О них вспоминаю всегда и везде,
О них не забуду и в новой беде,
И если зажмут мой измученный рот,
Которым кричит стомильонный народ,
Пусть так же оне поминают меня
В канун моего погребального дня.

Я плакала так, как будто это я потеряла своего сына, который в этот момент мирно спал, положив голову мне на колени.
Но это были удивительные слезы. Как будто онемевшему сердцу вернули утраченную чувствительность и что-то очистилось внутри. Я желаю каждому таких слез.

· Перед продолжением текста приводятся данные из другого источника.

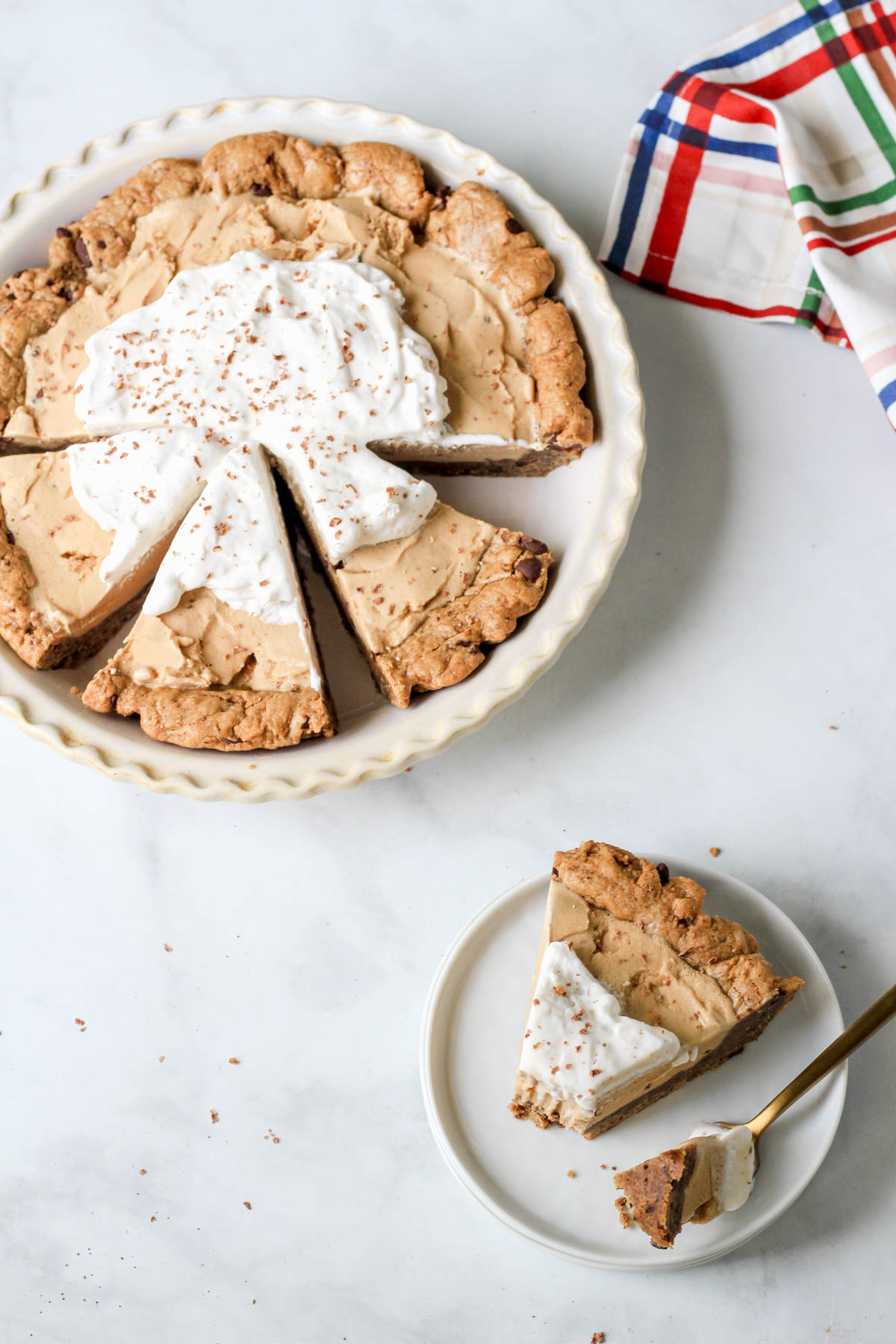 A small white plate with a slice of coffee chip ice cream pie and a fork with a pie pan of coffee chip ice cream pie in the back left corner.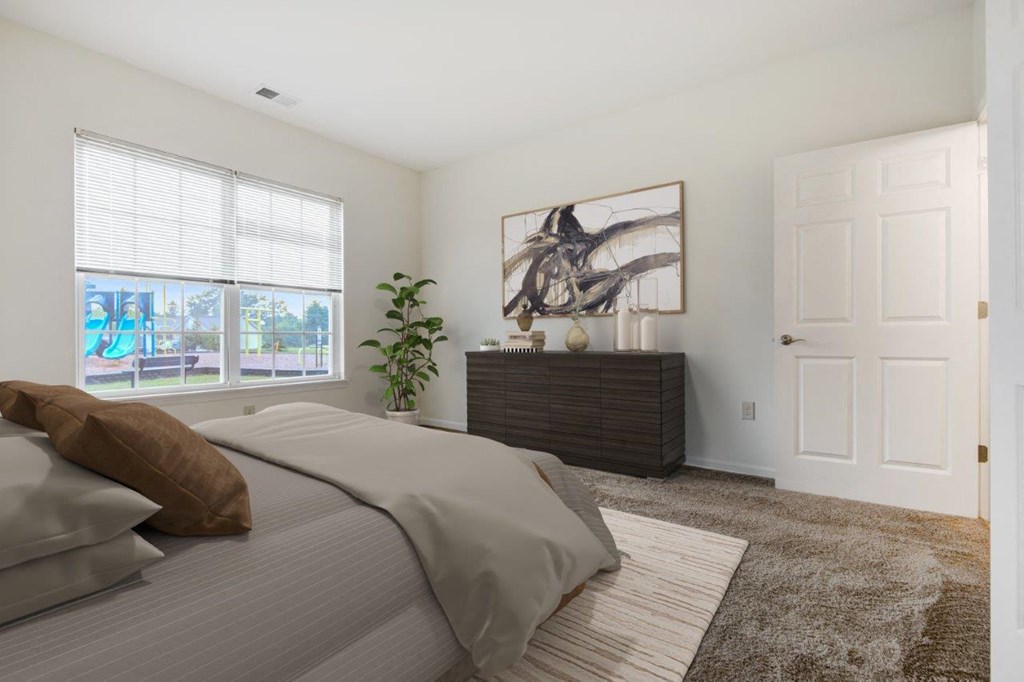 a bedroom with a large bed and a window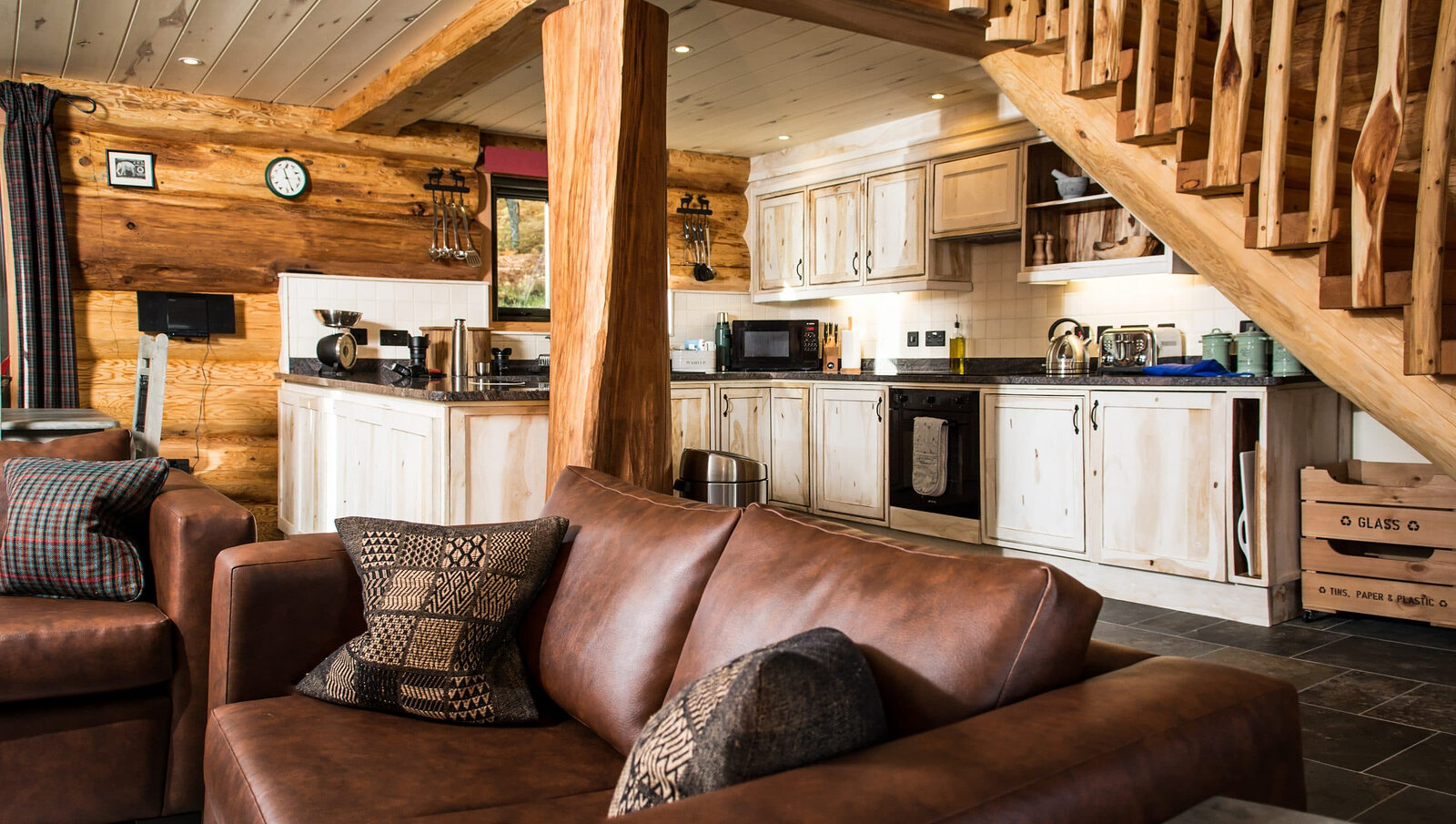 A cabin kitchen of cream cupboards under the stair, a leather sofa with patterned cushions in front.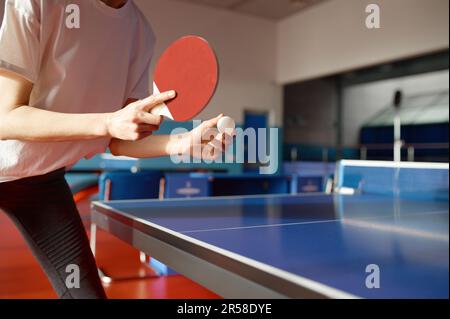 Nahaufnahme einer erwachsenen Frau, die Tischtennis im Fitnessstudio spielt Stockfoto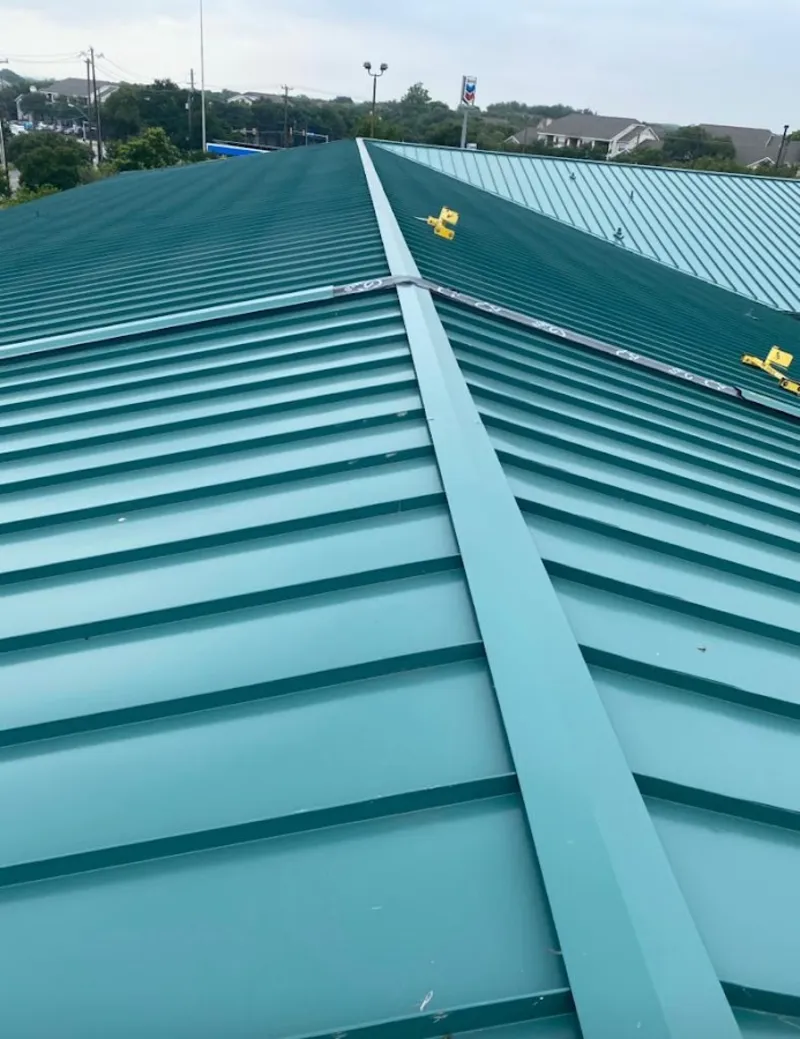 Green commercial metal roof ridge and valley for Metal Roof Repair in Aston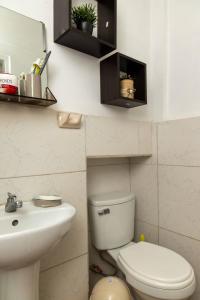 a bathroom with a white toilet and a sink at Finca San Antonio De Shudal in Cajamarca
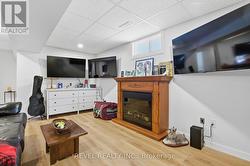 Bright basement with pot lights -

Меня долго возмущали люди, которые говорят: репрессий не было. Или: были, но не в таких количествах. Или: даже если и много, но это оправдано, иначе мы бы не победили в войне (например). Но потом я поняла, что этими людьми движет желание видеть славу своей Родины. Невозможно восхищаться родиной, которая миллионами пожирает своих детей. Ее невозможно любить такую. А как же на ней жить, если не любишь? Уезжать – предательство. Это стремление к любви настолько свято, что все, что ему препятствует, воспринимается как кощунство. Приходится убеждать себя, что это либо неправда, либо – каким-то непостижимым образом - тоже часть славы.
Настоящая слава нашего отечества – такие люди как Ахматова. Это не внешняя слава, это слава духовного подвига человека, выстоявшего против предельного зла, и не просто оставшегося человеком, но и ставшего источником «очеловечивания» для других, источником оживления сердец. За них и надо любить нашу страну, а не за мнимую «великодержавную мощь».

Это не все впечатления сегодняшнего дня. Но я должна закончить пока. Постараюсь остальное тоже записать.
Низкий поклон Анне Андреевне. И огромная благодарность Елене Антоновне Камбуровой. То, как она сегодня читала, – это тоже подвиг, сродни Ахматовскому и в созвучии с ним.